The semi empirical mass formula is
E_{B} = a_{V} A - a_{S} A^{2/3} - a_{C} \frac{Z(Z-1)}{A^{1/3}} - a_{A} \frac{(A - 2Z)^{2}}{A} + \delta(A,Z)

since we are ignoring the pairing and symmtery terms, we ned not care about the last two terms

The Attempt at a Solution

For a fission reaction like

^A_{Z} X \rightarrow ^{A-\alpha}_{Z-\zeta} Y_{1} + ^{\alpha}_{\zeta}Y_{2}

the eenrgy released in this reaction Q is given by the differenc ein teh binding energies of the reactant and the product

Q = B_{0} -B_{1}-B_{2}
B_{0} = a_{V} A - a_{S} A^{2/3} - a_{C} \frac{Z(Z-1)}{A^{1/3}}

B_{1} = a_{V} (A-\alpha} - a_{S} (A-\alpha)^{2/3} - a_{C} \frac{(Z-\zeta)(Z-\zeta-1)}{(A-\alpha)^{1/3}}

B_{2} = a_{V} \alpha - a_{S} \alpha^{2/3} - a_{C} \frac{\zeta(\zeta-1)}{\alpha^{1/3}}

Then our Q valu becomes

Q = B_{0} -B_{1}-B_{2} = -a_{S} \left[ A^{2/3} - (A-\alpha)^{2/3} -\alpha^{2/3}\right] - a_{C} \left[ \frac{Z(Z-1)}{A^{1/3}} - \frac{(Z-\zeta)(Z-\zeta-1)}{(A-\alpha)^{1/3}} - \frac{\zeta(\zeta -1)}{\alpha^{1/3}} \right]

Now i need to show somehow that if A-\alpha = \alpha and Z-\zeta=\zeta, then this value of Q is maximized.

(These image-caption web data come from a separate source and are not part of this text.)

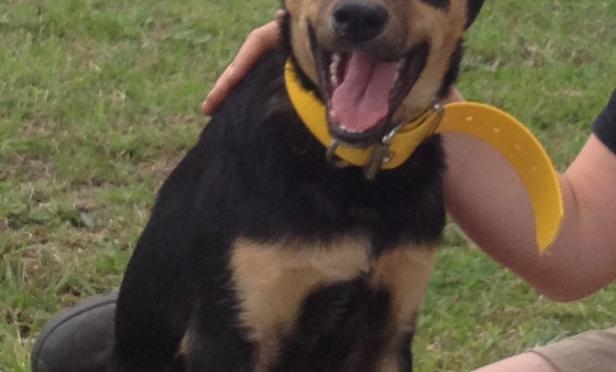 Hello Crosby! & Mother's Day Book idea's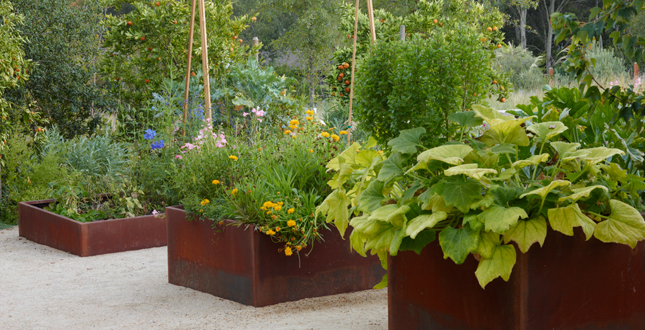 ASLA住宅景觀設(shè)計(jì)類榮譽(yù)獎(jiǎng):伍德賽德住宅區(qū)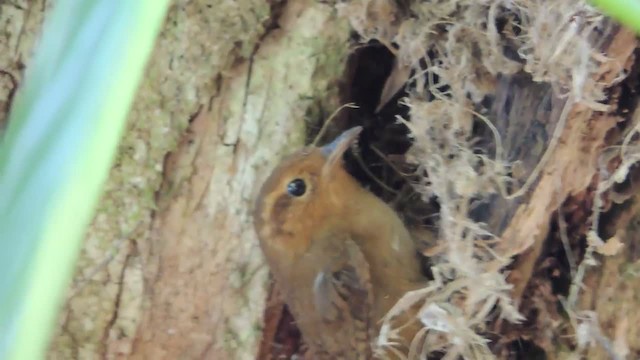 Ochraceous Wren - ML201218231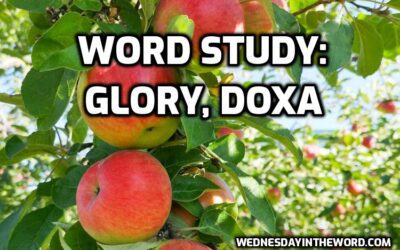 glory, doxa, G1391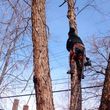 Photo #2: BEST AFFORDABLE TREE SERVICE by DAVE!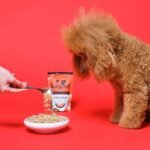 Pooch & Mutt - Bionic Biotic, Supplement for Dog Digestion (Healthy Skin and Glossy Coat), 200g - Image 4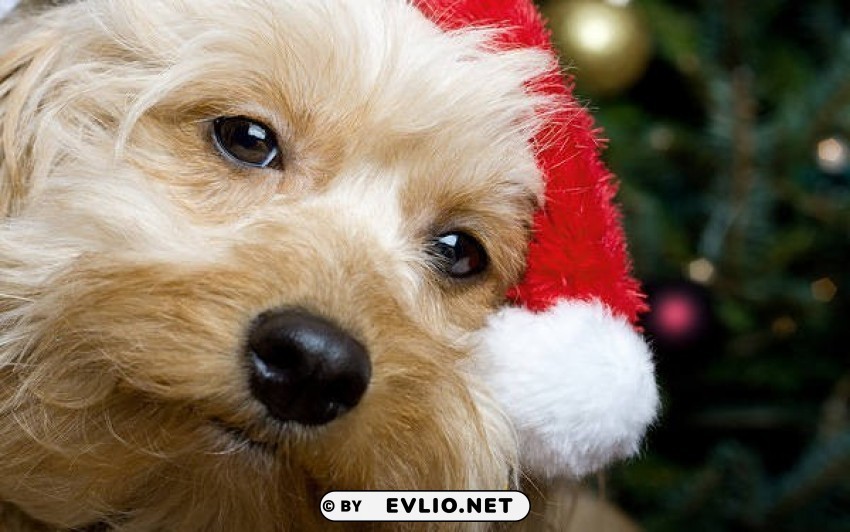 cute christmas santa puppy wallpaper Transparent PNG images free download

So thjis is what I am wondering about... should i differentiate Q wrt zeta or alpha?? Neither of them are constant and in fact one depends on the other...


TO show the rato of Z^2/A to make the divsion energetically favourable

welll if this was to be enrgetically favourable hten the Q value would have to be >0. And for an equidivision of both charge, Z and mass, A, and Q = 0

-a_{S}A^{2/3} + a_{C} \frac{Z(Z-1)}{A^{1/3}} =0
\frac{a_{S}}{a_{C}} = \frac{Z(Z-1)}{A}

for an approxiamtion lie.. are we supposed ot assume that Z>>1?? After all the SEMF only works well for large value of A and Z...

Inclusion of the asymmetry term

Now the ratio of Z^2/A would be obviously skewed by the fact taht the Neutron number is playing a role. For N=Z the asymmtery term would not play a role. However N > Z the value of Q becomes more favourable?? Ill add the reasoning for this guess later on

thanks for any help!

 

[stunner5000pt]

bump

 

[malawi_glenn]

bump

Does this mean that you solved the problem?

 

[stunner5000pt]

Does this mean that you solved the problem?

unfortunately ... no

 

[malawi_glenn]

Well a hint: A = N + Z, that makes the differentiation of Q easier, if you now want to proove that max Q is obtained when fission is done into equal masses and charges.

 

[stunner5000pt]

Well a hint: A = N + Z, that makes the differentiation of Q easier, if you now want to proove that max Q is obtained when fission is done into equal masses and charges.

iwas wondering if there is a 'cleaner' way of doing this problem??

 

[malawi_glenn]

"So thjis is what I am wondering about... should i differentiate Q wrt zeta or alpha?? Neither of them are constant and in fact one depends on the other...
"

Well i would do the same thing you came up with, then express A in terms of N and Z, then differentiate.